I associate Autumn with a lot of things. Fall leaves, crisp evenings, fuzzy sweaters, fireplaces roaring…I also associate the Fall with my favorite holiday: Halloween. Halloween didn’t really lose it’s luster for me even though I despise the “Fun-Sized” Candy temptations. I still love the holiday and everything about it.
In 1997 I was 17 years old. My grandfather passed away unexpectedly and it was a difficult time. I was a senior in high-school and also going to college at the same time. He passed away at the beginning of August and when September rolled around the stores became flooded with Halloween candy. It was everywhere. And I worked in retail. There was no avoiding it. Not only was it right in my face all day at work, I got an employee discount. As you can imagine I was giving in to the temptation almost every day. I’d buy bags of Halloween candy on sale with an employee discount and I’d take them home with me and eat them.
In the year after my grandfather’s death I remember eating a lot. That was how I dealt with grief. I ate. I ate candy mostly. I had my favorites.
Candy corns were one of them. It was like eating pure sugar. I loved it. I’d eat them two at a time and I’m not even sure if I tasted them after awhile. During this time, 1997-1998, I also ate a ton of hot tamales:
I’d buy the fun-sized hot tamales that came in a tiny box and I had them in my pockets, my car, my purse, and I’d eat them all the time. If I was driving to school I’d eat a box. I’d eat them until my mouth tingled.
Fast forward a few years…I’d left home, I was living with a boyfriend. I still had a candy addiction. It was just different. I had a candy dish in the living room next to the couch. I’d pour the candy into the dish–often times they were candy corns, hot tamales, M&M’s, or my favorite: Reese’s Pieces.
I’d walk by the dish probably two dozen times a day and I’d grab a handful on my way. I remember one time that my mom and brother came down to Portland to visit.
“Those are just fat pills,” she said to me.
I was hurt and angry by the comment. It was just another in a long line of criticisms about my food, body, habits. It was a comment meant to be helpful but instead it made me angrier and I turned even more to food.
It didn’t matter that she was right; that those candies I popped into my mouth two servings at a time were indeed fat pills. Even to this day, with a healthier outlook on life, eating, food, and exercise, I still resent those comments. And I still have that voice in my head. If I walk by the candy isle I hear somewhere in the depths of my brain “those are just fat pills.”

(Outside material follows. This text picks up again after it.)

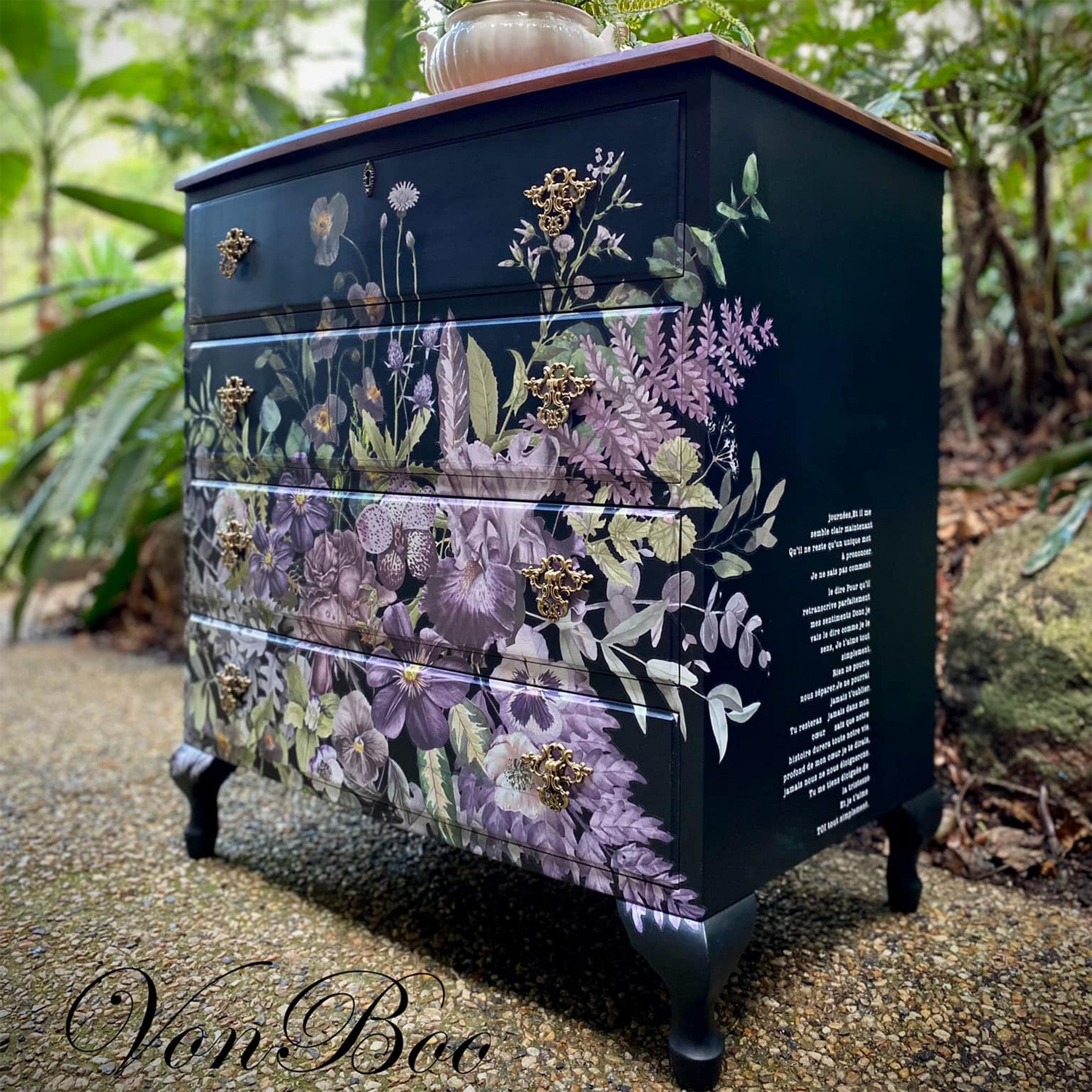 A vintage 4-drawer dresser refurbished by Von Boo is painted navy blue and features ReDesign with Prima's Vigorous Violet rub on transfer on it.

This doesn’t mean I don’t eat them still on occasion. I do eat candy once in awhile (usually at work, rarely at home) and there are times when I feel like I’m a failure for eating any candy at all. If I “give in” and have some candy I sometimes feel like the day was a wash. It doesn’t matter if I ate within my calorie range including the candy, or if all my other meals for the day were healthy and balanced. If I’m in that kind of mood I will feel like I failed for the day. This is something I struggle with. I don’t feel like that all the time. My goal is to not feel like that any of the time, but it’s hard work to change those feelings and shaming.
As we head into what I call “The Eating Months” I know I will struggle with this temptation. The struggles will be mostly at work, where there is always tons of candy. Always. I’m starting to see the Halloween sized treats popping up at work. My goal is to avoid eating them as long as I can. I know at some point I will give in and have some, but I can prolong it as long as possible.
QUESTION: What’s a food shaming memory you have? How do you overcome those feelings?
Tiff @ Love Sweat and Beers
I probably have too many shameful food memories to mention, but I hear ya on the candy. Since candy isn’t my fav treat, I can usually resist it okay. However, once I get started (especially with Reece’s pieces and M&Ms) there’s no stopping. I can’t and don’t keep the stuff in the house.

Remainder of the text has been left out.